Eine Patchwork-Decke zusammenhangloser Gedanken
„Wer vieles wagt, ist bei den Menschen im Recht. Wer auf das meiste spucken kann, der ist ihr Gesetzgeber, und wer am meisten wagt, genießt die meisten Rechte!“
Fjodor Dostojewski, Schuld und Sühne
Ich nahm mir gestern ein Time-out, um etwas nachzudenken. Wie immer in solchen Fällen legte ich mich auf die Couch, sprach mit Mir und ging es zurück zu dem, was mich einst, als Kind, beeindruckte. Wurde bereits bei den kitschigen alten Filmen fündig:
Zum Beispiel “Spartakus” (1960): Kirk Douglas verhandelt mit irgendwelchen Piraten. Sie könnte die Überfahrt bezahlen, aber “Warum sollte ich euch helfen? – Ihr seid doch Sklaven!?”. Und Spartakus antwortet im Hollywood-Pathos: “Wir sind es nicht, wenn wir gewinnen.”
Zum Beispiel “Der Graf von Monte Christo” (1961): Louis Jourdan hört Geräusche. Diese stammen von dem Gefangenen Abbé Faria, der dabei ist, einen Tunnel zu graben, sich aber in seinen Berechnungen irrt. Und so stehen beide in Dantès’ Zelle – verurteilt. Der eine weil er – vorgeblich – für Napoleon war, der anderer, weil er gegen ihn war. Unrecht und Unrecht – Kerker an Kerker, doch der Zuschauer weiß: beide sind irgendwie im Recht.
Scannte im Weiteren das “Narrenschiff”, den “Woyzeck”, das “siebte Kreuz” und vieles mehr. Recht ist offenbar ein immer wiederkehrendes Thema in der Kunst.
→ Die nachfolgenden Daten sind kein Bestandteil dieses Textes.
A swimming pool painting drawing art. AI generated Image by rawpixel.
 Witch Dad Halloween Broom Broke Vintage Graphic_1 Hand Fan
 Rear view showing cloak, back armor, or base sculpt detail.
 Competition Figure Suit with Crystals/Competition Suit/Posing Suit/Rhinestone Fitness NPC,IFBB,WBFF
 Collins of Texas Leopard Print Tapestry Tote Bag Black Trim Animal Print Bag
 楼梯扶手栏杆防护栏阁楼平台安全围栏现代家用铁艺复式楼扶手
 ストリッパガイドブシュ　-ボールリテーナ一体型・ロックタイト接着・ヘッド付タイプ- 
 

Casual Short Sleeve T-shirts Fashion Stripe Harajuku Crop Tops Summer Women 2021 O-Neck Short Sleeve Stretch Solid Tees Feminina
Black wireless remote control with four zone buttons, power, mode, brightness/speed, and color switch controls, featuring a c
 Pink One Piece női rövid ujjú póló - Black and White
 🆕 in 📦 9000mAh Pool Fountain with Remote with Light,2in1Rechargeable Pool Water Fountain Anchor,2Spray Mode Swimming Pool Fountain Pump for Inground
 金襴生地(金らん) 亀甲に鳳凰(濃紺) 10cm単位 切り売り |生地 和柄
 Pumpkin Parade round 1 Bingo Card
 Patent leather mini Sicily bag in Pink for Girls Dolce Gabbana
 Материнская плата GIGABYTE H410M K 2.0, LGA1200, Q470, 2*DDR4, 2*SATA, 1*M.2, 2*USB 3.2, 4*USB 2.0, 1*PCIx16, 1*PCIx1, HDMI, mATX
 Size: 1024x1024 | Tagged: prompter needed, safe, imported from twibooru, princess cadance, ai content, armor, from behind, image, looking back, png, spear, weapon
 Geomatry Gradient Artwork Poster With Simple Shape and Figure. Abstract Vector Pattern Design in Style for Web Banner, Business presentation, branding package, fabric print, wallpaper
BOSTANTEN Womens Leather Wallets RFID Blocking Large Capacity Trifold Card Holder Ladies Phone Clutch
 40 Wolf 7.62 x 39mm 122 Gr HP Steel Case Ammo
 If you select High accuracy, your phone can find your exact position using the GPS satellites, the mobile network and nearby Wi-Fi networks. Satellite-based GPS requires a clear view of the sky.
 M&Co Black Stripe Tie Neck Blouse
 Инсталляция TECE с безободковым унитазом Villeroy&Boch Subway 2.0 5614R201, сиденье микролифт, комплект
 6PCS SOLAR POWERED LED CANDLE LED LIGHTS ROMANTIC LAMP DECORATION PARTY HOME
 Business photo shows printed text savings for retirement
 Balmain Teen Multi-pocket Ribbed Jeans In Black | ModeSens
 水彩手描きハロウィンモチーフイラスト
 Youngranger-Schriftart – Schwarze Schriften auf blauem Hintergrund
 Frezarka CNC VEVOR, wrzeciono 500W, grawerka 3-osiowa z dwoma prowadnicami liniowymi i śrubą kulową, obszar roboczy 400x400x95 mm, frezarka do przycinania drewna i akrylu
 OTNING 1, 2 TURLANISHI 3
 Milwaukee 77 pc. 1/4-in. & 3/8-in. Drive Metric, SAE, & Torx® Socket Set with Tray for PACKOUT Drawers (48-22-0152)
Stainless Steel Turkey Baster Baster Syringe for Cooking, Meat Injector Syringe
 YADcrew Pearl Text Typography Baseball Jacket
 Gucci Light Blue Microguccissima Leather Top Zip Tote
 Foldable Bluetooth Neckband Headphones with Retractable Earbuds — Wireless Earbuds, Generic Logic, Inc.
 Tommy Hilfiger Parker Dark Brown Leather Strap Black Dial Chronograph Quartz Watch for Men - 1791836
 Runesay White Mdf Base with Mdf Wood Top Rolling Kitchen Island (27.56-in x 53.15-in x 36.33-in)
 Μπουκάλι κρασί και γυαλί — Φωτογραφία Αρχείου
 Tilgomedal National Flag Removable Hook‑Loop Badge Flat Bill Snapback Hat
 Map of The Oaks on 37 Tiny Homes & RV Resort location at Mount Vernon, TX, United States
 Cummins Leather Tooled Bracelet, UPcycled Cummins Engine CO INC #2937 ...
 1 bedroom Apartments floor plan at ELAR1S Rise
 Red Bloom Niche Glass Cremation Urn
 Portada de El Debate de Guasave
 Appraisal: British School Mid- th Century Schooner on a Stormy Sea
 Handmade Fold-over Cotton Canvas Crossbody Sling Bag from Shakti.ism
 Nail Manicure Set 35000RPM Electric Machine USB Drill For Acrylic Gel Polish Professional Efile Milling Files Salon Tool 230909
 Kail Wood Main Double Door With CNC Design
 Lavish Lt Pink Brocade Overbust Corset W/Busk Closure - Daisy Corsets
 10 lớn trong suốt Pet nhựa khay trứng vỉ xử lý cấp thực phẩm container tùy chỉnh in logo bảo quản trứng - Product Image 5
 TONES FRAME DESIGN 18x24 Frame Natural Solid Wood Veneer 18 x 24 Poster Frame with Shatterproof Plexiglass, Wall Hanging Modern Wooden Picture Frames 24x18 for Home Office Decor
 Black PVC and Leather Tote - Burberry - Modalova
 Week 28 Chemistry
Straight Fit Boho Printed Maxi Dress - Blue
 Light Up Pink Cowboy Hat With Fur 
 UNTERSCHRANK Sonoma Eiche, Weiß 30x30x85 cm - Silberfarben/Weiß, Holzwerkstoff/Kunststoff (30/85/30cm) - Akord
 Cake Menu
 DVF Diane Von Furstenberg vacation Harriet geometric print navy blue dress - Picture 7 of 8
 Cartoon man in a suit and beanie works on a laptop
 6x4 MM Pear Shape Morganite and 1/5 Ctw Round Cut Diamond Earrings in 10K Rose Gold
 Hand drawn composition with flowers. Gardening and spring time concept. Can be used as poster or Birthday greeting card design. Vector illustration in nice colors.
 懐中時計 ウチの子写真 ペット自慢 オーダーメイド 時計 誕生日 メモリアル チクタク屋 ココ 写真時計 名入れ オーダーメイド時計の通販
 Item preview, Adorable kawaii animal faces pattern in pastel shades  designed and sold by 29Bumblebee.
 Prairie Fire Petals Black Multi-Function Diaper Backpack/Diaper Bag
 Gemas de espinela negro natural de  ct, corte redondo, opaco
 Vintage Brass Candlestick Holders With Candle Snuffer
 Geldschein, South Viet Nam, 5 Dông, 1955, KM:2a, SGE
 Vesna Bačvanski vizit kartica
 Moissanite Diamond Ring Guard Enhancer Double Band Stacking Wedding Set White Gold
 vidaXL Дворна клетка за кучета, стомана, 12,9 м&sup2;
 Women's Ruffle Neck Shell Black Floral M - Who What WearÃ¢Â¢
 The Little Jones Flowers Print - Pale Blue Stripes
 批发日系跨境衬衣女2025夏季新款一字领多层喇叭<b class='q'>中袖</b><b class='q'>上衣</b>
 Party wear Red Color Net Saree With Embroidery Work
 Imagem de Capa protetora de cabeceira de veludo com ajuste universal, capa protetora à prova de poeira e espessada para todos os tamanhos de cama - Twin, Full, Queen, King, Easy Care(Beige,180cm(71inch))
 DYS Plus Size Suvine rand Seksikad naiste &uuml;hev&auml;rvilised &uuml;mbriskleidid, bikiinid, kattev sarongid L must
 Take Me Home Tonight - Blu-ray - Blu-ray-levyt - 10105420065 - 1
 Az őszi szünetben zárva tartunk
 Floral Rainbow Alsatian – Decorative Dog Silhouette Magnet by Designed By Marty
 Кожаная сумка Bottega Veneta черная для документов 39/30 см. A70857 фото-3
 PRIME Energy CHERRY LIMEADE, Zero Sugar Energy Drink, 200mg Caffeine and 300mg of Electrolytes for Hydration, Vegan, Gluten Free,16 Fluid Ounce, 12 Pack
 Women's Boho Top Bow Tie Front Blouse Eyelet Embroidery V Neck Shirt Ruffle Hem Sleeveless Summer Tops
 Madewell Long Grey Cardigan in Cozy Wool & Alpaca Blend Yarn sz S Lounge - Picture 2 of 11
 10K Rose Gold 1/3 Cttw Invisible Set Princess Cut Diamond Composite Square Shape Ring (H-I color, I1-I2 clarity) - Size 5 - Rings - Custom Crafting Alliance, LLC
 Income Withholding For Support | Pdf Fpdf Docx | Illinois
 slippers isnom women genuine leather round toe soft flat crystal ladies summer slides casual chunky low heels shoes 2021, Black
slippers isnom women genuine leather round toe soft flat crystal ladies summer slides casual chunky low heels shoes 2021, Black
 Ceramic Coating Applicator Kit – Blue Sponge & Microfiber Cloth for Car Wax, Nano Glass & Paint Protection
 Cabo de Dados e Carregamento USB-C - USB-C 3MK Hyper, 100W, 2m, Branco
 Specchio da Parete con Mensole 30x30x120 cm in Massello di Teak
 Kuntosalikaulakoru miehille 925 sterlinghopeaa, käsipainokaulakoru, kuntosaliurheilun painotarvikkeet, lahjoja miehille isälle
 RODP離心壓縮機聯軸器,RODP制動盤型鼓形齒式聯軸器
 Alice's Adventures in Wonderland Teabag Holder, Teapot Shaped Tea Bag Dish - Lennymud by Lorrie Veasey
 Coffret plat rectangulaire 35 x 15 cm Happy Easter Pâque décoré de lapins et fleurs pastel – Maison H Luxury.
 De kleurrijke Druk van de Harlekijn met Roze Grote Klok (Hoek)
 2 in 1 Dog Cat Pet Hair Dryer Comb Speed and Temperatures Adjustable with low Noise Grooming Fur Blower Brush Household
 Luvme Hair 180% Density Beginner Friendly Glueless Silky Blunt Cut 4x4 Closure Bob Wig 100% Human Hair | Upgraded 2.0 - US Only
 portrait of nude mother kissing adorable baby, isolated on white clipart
Jeweils fühlten sich die Protagonisten der Handlungen im Recht gegenüber Gesellschaften mit deren anders gearteten Rechtssystemen.
Stets weiß der Rezipient: Diese Gesellschaft liegt schief.
Aber auch das wirkliche Leben – The Real Live – strotzt voller Fehler, wenn es um Recht geht. Es gibt andernorts sogar Rechtsprechung aus boshafter Willkür oder willkürlicher Boshaftigkeit, wie zum Beispiel gegenüber Michail Borissowitsch Chodorkowski in Russland oder Julija Wolodymyriwna Tymoschenko in der Ukraine.
Ob Recht und Unrecht klar zu unterscheiden sind ist auch in Deutschland unklar. Damals wie heute. Und teilweise skurril: Unschuldig glaubten sich ein gewisser Herr Speer und die anderen Kämpfer in Nürnberg.
Feldmarschall Paulus geriet sogar – für die Sowjetunion! [sic!] – zum Zeugen der Anklage, wurde später von der vorgeblich antifaschistisch-kommunistischen DDR mit einer Pistole ausgestattet, wie auch mit Personal, mit Dienstboten, die wiederum den Verlierer von Stalingrad in dessen Dresdner Villa mit “Herr Feldmarschall” anzureden hatten, statt mit “Genosse Paulus”, wie es – wenn schon, denn schon – seine Richtigkeit hätte.
Die DDR war ebenso voller Unrecht wie “die Wende” und alles was jetzt ist.
Heute kopiert ein gewisser Kevin Müller einen Film auf CD, um sein kümmerliches Hartz-IV-Salär aufzubessern, wird von einem Staat als Raubkopierer gebrandmarkt, der geklaute Daten-CDs aus dubiosen Quellen kauft.
Und was in Deutschland Unrecht ist, beurteilt jeder Steuerzahler auf seine Weise.
So haben wir also gelernt, lernen müssen, dass das Recht auf Ihrer Seite ist. Was nach unserer Auffassung nicht unbedingt bedeutet, dass dies auch rechtens ist. Ob Sie wirklich eine richtige (im Sinne von gute) Entscheidungen getroffen haben, können Ihnen und uns erst die Nachunskommenden sagen, die eine Vergangenheit zu beurteilen haben.
(Siehe Entwurf für einen Brief an ein Finanzamt)
Jedenfalls ließ ein Präsident namens Wulff seine Handlungen von angesehen Anwälten werten, die – Überraschung! – daran nichts Unrechtes feststellen konnten.
Neutralos rätseln derzeit: Ob ein Verstoß gegen ein Gesetz vorliegt, kann nicht beurteilt werden, weil die Umstände des Kreditgeschäfts unbekannt sind.
Rein rechtlich wird man es nie wissen können.
————
Unterm Strich steht immer die Moral.